Check also to see if you're entitled to rent assistance or the low income supplement through the Department of Human Services.
Understand when paying off debt is more important than saving
Many people believe that saving needs to be their priority but there's no point in applying for a mortgage if you still have debt, especially debts with high interest rates. "Lenders will want to see a savings history over a reasonable period of time, usually at least six months, but it generally makes sense to get rid of expensive unsecured debt, especially credit cards and store card debt first, and then focus on savings," says Peter Boehm, a finance expert and author of The Great Australian Dream: A Guide To Buying Your First Home.
Consolidate your debts into one loan or an interest free credit card, and pay as much of the debt off as you can while the terms last. Switch to another interest free card once it ends, or to a personal loan with a lower interest rate. Make extra repayments if you have any money to spare, to reduce the length of the debt and therefore the amount of interest you'll pay. If you have an offset account you can access the extra funds if you ever need them in an emergency.

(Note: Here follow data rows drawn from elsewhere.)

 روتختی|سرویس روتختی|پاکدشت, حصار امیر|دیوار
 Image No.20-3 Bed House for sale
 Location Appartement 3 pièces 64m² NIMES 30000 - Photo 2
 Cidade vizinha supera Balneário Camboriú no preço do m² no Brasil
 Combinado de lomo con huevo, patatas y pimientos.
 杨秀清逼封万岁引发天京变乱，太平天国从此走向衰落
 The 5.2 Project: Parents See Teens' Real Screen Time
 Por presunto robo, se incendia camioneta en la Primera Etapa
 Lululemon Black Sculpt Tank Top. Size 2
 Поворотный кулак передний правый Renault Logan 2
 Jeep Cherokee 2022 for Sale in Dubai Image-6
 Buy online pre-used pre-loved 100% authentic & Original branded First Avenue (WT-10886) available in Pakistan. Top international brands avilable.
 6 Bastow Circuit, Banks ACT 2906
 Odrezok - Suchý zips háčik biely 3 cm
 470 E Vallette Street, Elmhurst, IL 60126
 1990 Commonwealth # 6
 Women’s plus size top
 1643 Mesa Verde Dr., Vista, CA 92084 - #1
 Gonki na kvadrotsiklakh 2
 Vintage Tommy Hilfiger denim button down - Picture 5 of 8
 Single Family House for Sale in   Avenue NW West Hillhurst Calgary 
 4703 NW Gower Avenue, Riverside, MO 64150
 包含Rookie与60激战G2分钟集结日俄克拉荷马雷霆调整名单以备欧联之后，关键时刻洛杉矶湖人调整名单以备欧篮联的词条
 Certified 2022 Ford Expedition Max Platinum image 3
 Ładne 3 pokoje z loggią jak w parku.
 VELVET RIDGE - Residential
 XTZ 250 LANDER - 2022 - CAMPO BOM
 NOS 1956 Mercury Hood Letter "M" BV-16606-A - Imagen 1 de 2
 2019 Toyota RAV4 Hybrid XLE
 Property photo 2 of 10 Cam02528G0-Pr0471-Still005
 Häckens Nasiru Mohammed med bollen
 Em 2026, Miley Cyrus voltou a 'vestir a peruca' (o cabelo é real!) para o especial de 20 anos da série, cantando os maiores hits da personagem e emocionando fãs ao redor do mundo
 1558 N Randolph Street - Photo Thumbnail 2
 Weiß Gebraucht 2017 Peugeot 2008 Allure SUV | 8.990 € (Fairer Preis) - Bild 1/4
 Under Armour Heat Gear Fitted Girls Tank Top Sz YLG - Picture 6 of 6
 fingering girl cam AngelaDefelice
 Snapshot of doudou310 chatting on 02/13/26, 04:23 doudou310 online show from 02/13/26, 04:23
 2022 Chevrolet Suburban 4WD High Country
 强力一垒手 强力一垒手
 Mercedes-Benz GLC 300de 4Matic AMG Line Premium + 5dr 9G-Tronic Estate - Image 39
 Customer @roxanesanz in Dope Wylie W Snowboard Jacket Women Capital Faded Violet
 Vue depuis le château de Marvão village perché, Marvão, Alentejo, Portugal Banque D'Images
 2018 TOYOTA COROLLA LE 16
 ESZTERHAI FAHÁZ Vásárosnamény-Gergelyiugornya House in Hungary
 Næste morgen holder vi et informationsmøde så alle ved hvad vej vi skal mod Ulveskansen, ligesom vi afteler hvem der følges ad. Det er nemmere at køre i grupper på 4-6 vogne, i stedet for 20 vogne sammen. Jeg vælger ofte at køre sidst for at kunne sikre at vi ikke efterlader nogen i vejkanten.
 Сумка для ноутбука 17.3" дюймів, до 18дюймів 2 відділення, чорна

Saving for a home will take longer when you have debt but don't completely deprive yourself trying to get ahead or you'll be more likely to binge spend. Natasha Stewart, co-founder of the finance website Mum CFO's, says hard-core saving isn't sustainable. "Emotions play a huge role in saving money," she says. "Allow yourself to enjoy happy treats along the way. It could be the difference between lasting the distance or not."
Try a personal budgeting company
Some families manage to stay up to date with bills and rent payments, but struggle to save. A good budgeting company will be able to figure out a way for all of the family expenses to be covered and allocate some money for savings too. They can also re-calculate your budget if there are any changes, such as when taking parental leave, or when unexpected expenses come in.
Budgeting companies do charge monthly fees but they can be minimal, especially when you consider the fees for late bill payments and how late payments can affect your credit rating. David suggests you should avoid companies that charge an establishment fee, though. "What's the point in being out of pocket before you even start?" he says.
Cull your outgoings
Use comparison services to make sure you're getting the lowest possible rates on utilities and insurance. Bundle services to receive a discount with some providers. See if you can reduce the money you spend on your bills in any other ways. For example, all the new live streaming TV services, such as Netflix, are much cheaper than a Foxtel subscription.
Shop around for a high interest savings account as well. When you're saving large amounts of money you need to make sure you're getting the best possible interest rate.
Save towards an investment, rather than a home
If you're saving for a home in an expensive suburb, it's likely it will take longer to build a deposit. If you're saving to buy an investment such as a unit, in a suburb that is more affordable, while renting in the suburb you want to live instead, you may be able to buy sooner. It does mean you'll be renting for longer but it also means you'll have some equity and still be close to work and your children's schools.
"With interest rates at record lows, we're starting to see lots of potential buyers purchasing an investment property before an owner-occupied property," says Jessica. "Make sure it's located in a suburb that has proven itself to be a strong performer in terms of growth and low vacancy rates."
"There's nothing wrong with renting a property to live in and investing in one to generate income and capital growth," Peter agrees. "Your time horizon should be at least 5 to 7 years for the property to ride out the typical property cycle and enabling you to come out ahead."